Drug Detox Q&A: Should Prescription Drug Side Effects Get Equal Time?
- Author Rod Mactaggart
- Published January 30, 2008
- Word count 575
In the 10 years since prescription drug advertising began on television, Big Pharma has spent billions of dollars saturating the airwaves with drug commercials. Actors in idealistic settings wax ecstatic about their new drug-created lives, but the drug’s horrible side effects - some of them possibly fatal - are glossed over in seconds. Such advertising minimizes or hides the potential for harm, such as dependencies, addictions, and the need for drug detox and, in some case, drug rehab.
The intention of Big Pharma’s advertising technique has apparently worked perfectly. We now have a new generation of prescription drug consumers who embrace prescription drugs for everything imaginable. Drug advertising - along with the drugs - has dulled the minds of America to ignore the dangers, to not know or even care how easily prescription drugs can lead to drug detox, drug rehab, or worse, an untimely death.
A new study from the University of Georgia found that most prescription drug TV commercials don’t present the real risks of side effects. According to the study, direct-to-consumer broadcast and cable TV drug commercials devote an average of less than 8 seconds (13 percent of total ad time) to side effect disclaimers in a 60-second commercial, and less than 4.4 seconds (15 percent of total ad time) of side effects and disclaimers for the average 30-second commercial. For shorter 15-second commercials, no time at all is devoted to side effects and disclaimers.
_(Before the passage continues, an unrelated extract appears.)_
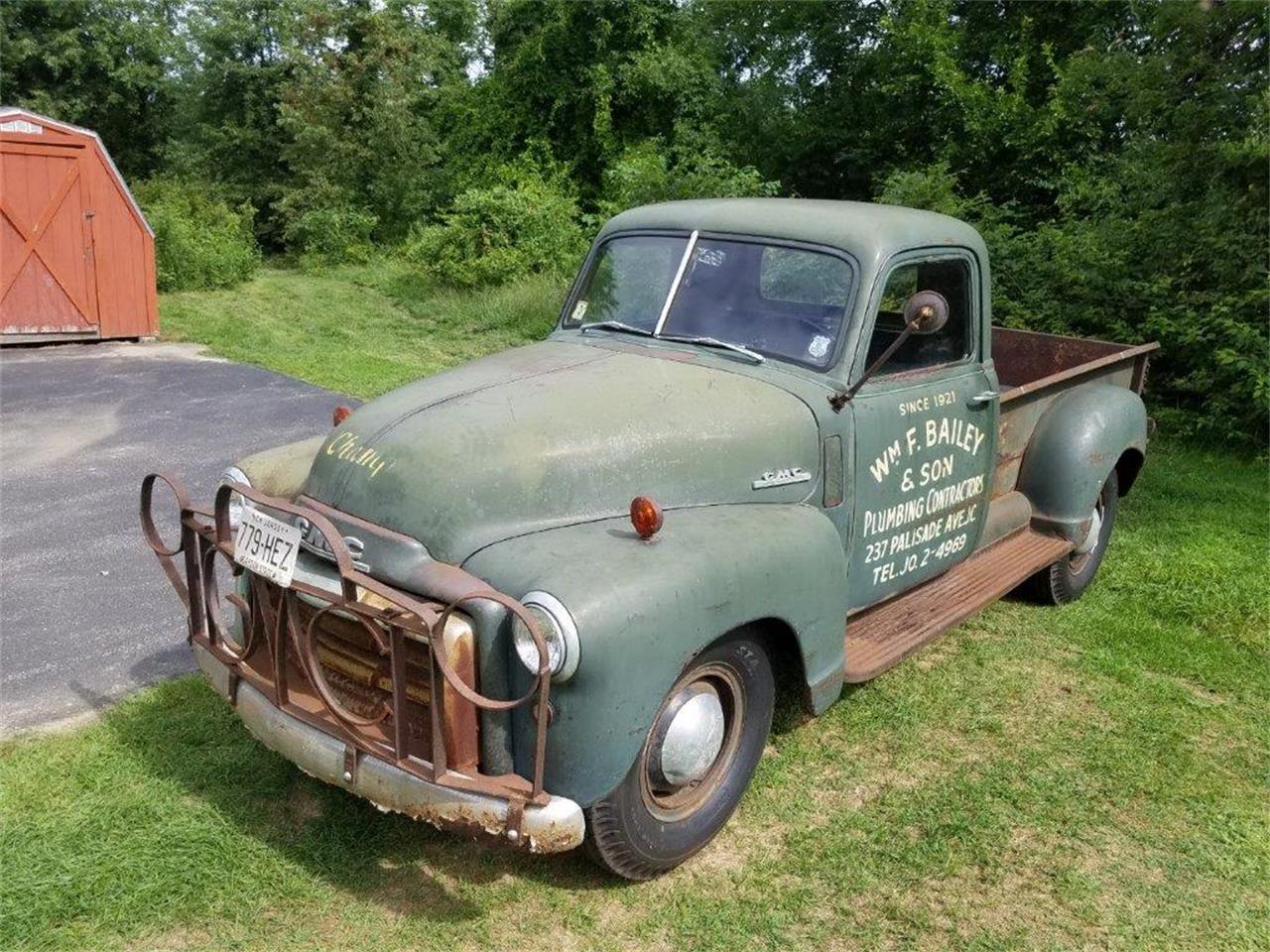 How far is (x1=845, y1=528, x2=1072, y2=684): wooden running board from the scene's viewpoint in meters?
3.73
When you listen very carefully to the usually rapid-fire, low-voice, almost incomprehensible statements of side effect disclaimers, you do hear that some of these side effects - for even the most seemingly innocuous of drugs - can be pretty gruesome. We have also heard commercials for some sleep aid drugs state that dependency is not possible or warn of potential dependency, but we’ve personally never heard one go so far as to admit that a need for drug detox or drug rehab could arise.
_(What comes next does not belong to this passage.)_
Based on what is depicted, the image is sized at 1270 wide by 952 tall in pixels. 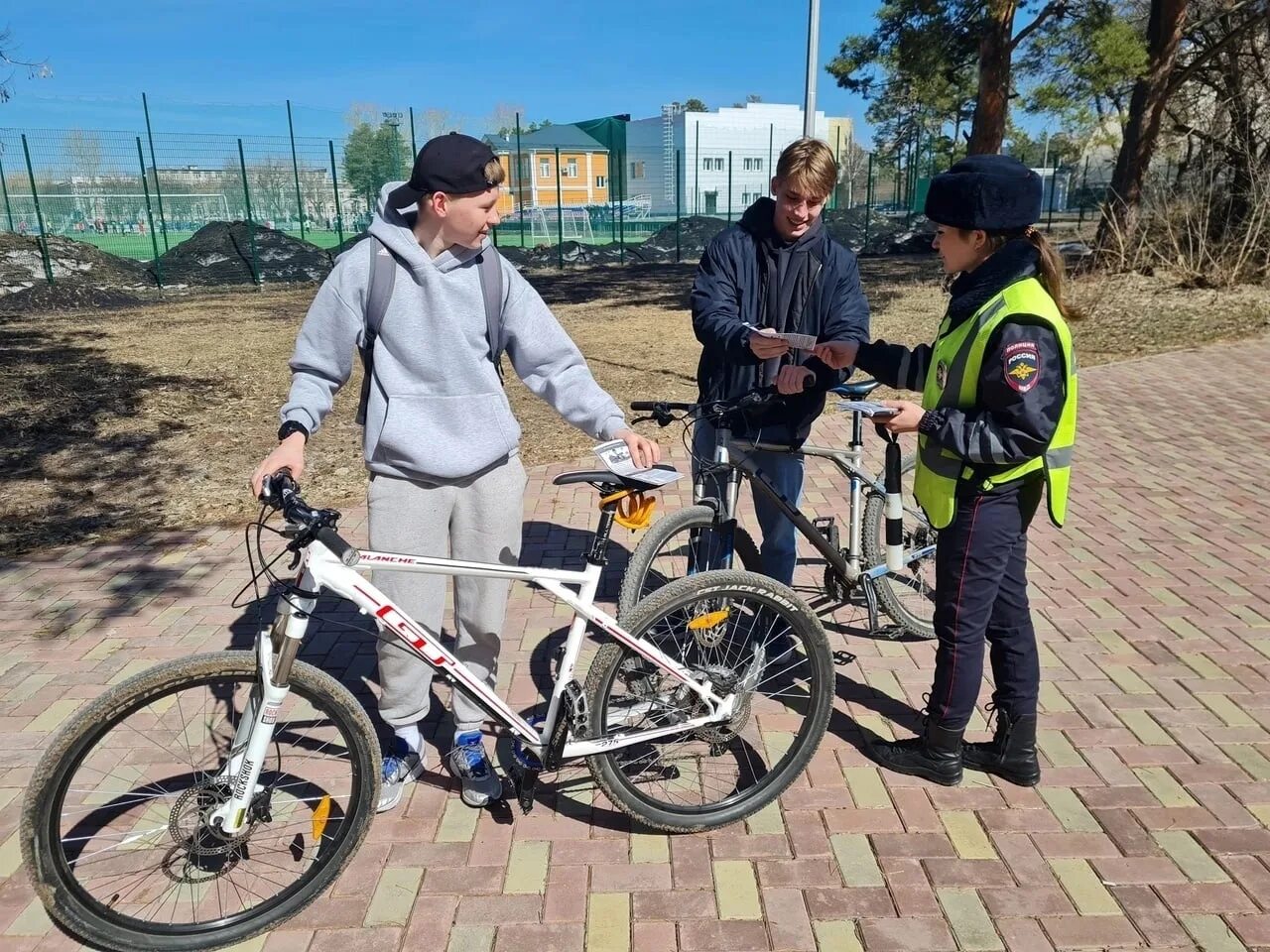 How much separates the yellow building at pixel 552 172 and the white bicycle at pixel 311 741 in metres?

The study’s author said that the real problem is that the side effects information "is often presented in a way that people aren’t likely to comprehend or even pay attention to." And that is what has led so many people to simply ignore such warnings and blindly reach for the next prescription drug, and the next one and the next one. Such a mind-set has led to the situation we have now with thousands of Americans looking for drug detox or drug rehab programs.
Government statistics say 22 million Americans have abused prescription drugs, and thousands have died as a result of the lack of information about the dangers of some prescription drugs. Even after the Federal Drug Administration has issued serious warnings, doctors have continued to incorrectly prescribe some drugs resulting in injury and death, or at the least the need for drug detox and drug rehab. If doctors aren’t able to comprehend the seriousness of prescription drug side effects or complex nature of mixing various drugs and alcohol, how is the public supposed to understand?
This volatile and dangerous situation could be improved if new regulations required commercials to devote as much time - and emphasis - to the side effects and dangers as is devoted to the alleged benefits of prescription drugs. Perhaps then we’d begin to see a difference in the attitude Americans have towards prescription drugs, and a reduction in the illnesses, deaths, and need for drug rehab and drug detox program facilities across the country.
Rod MacTaggart is a freelance writer that contributes articles on health.